Ordered placed. Frank thanks for all the hlep can't wait to get it.


Thanks,
Chad


----------



## AUSSIEDUDE

The design of this press is the best I have seen. If the quality is as good as it looks in the pics this press should last a lifetime.


----------



## jim46ok

*Best tool in our shop*

We use Frank's press almost everyday, and it is truly the heart of the shop. We're getting the reputation locally that if anyone needs to press a bow, the BOW-A-CONSTRICTOR can (and will) do it. We do courtesy presses for folks wanting to change strings, cams, etc. Show them how to use it, so simple, then we back away. Short learning curve, anyone can use this press!

Good job, Frank!


----------



## gad

I can tell for the international buyers (outside USA) that our brother Frank does an amazing job shipping internationally. Don´t be afraid to buy it, you will get the very best support and friendship from Frank. :darkbeer:


----------



## AUSSIEDUDE

gad said:


> I can tell for the international buyers (outside USA) that our brother Frank does an amazing job shipping internationally. Don´t be afraid to buy it, you will get the very best support and friendship from Frank. :darkbeer:


No problems buying international. If you want to buy a press in Australia you have the option of buying a quality press from a dealer who has imported it from the States and then marked up the price to a ridiculous level to cover shipping or you can buy a backyard copy and take a chance on the quality. Even though the shipping on Frank's press is high you still end up with the best press there is for a lower cost than the other commercial presses. I had no hesitation in placing my order.


----------



## johnh1720

AUSSIEDUDE said:


> No problems buying international.
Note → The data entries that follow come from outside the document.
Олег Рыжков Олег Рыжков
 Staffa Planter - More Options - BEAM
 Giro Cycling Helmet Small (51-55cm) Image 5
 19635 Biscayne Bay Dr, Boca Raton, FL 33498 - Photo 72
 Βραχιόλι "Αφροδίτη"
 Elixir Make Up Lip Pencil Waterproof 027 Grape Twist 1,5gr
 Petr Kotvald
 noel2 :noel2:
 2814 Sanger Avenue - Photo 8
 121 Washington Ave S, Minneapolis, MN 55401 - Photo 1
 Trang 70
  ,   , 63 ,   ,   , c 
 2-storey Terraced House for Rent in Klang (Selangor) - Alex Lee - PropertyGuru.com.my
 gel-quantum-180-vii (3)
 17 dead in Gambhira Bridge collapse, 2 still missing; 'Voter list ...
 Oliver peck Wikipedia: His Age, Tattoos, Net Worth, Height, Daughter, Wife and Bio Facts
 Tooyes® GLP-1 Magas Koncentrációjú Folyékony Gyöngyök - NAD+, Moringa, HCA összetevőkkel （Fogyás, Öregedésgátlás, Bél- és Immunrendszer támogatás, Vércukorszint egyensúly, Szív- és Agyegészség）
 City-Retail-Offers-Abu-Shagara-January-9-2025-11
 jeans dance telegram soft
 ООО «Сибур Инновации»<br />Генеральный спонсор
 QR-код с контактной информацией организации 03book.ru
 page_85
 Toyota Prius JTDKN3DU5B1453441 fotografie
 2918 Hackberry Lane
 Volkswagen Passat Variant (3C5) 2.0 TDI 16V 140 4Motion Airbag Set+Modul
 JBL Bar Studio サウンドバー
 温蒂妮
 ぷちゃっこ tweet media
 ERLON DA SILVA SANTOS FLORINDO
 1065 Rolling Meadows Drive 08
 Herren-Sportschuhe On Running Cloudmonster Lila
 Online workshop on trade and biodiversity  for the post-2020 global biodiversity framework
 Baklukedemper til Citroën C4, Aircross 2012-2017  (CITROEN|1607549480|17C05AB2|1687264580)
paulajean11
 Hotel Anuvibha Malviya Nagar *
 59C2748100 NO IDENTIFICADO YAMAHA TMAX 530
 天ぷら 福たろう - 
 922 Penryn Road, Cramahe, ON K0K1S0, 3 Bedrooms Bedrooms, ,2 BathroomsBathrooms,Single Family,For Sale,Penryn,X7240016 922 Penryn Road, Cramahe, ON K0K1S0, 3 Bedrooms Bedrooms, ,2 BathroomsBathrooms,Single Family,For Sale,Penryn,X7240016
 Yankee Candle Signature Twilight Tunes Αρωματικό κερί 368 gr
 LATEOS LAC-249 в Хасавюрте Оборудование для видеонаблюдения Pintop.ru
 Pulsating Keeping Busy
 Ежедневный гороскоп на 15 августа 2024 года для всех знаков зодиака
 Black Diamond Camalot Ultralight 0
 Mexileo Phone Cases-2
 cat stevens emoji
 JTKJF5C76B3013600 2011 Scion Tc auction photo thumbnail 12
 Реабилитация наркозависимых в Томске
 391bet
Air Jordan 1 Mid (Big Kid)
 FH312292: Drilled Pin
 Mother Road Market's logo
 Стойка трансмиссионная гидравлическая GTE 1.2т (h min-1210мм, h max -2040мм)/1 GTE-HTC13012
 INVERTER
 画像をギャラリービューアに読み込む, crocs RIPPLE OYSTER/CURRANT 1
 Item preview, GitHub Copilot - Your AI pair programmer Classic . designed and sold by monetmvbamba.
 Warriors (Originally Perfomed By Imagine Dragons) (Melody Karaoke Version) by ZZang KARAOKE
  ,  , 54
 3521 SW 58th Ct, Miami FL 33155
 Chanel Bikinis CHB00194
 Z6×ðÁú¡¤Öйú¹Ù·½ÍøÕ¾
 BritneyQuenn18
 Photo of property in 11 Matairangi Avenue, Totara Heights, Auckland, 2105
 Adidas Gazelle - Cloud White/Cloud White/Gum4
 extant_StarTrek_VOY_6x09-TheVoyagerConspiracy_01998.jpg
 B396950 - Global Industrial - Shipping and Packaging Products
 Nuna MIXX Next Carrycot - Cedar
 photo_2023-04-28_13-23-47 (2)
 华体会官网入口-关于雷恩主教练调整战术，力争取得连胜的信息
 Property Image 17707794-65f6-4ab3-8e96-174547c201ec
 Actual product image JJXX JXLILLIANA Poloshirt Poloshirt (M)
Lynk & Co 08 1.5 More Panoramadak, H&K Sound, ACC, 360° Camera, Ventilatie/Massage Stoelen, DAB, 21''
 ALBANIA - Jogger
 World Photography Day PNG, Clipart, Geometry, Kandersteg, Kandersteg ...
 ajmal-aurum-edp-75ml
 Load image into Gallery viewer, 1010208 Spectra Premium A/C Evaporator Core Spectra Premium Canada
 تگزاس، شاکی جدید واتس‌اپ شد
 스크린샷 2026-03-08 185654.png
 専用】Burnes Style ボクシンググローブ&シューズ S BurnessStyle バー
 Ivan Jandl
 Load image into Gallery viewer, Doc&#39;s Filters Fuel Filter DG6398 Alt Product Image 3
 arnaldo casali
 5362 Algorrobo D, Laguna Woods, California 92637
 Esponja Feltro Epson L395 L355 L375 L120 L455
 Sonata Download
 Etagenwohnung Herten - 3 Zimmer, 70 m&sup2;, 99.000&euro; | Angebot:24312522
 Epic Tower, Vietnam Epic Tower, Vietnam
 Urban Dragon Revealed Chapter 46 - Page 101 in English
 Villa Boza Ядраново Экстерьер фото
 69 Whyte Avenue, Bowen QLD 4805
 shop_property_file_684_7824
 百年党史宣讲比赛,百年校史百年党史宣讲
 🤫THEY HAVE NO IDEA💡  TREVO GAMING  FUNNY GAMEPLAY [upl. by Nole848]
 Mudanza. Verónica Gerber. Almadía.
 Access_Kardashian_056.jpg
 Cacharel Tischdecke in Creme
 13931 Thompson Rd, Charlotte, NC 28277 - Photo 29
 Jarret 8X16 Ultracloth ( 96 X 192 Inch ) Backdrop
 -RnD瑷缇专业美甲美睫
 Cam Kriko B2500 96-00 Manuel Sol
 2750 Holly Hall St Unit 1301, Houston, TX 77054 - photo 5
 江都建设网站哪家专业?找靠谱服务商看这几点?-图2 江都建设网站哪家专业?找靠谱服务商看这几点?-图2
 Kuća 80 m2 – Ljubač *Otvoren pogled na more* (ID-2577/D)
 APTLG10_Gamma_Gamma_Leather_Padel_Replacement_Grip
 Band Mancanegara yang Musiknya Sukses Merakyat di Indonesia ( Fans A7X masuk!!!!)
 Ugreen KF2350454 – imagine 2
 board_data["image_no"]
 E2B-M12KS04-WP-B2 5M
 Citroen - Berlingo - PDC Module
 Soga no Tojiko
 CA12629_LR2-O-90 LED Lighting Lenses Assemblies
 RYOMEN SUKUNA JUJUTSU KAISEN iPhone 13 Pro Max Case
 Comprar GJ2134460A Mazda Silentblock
If you want to buy a press in Australia you have the option of buying a quality press from a dealer who has imported it from the States and then marked up the price to a ridiculous level to cover shipping or you can buy a backyard copy and take a chance on the quality. Even though the shipping on Frank's press is high you still end up with the best press there is for a lower cost than the other commercial presses. I had no hesitation in placing my order.


Believe me it is everything you will ever need!


----------



## jobow81

TTT:thumbs_up


----------



## DBLlungIT

Thanks - Great to hear that. Coming from the maker of the KWIK-SHOOTER that means a lot. And what a one two punch for a shop. 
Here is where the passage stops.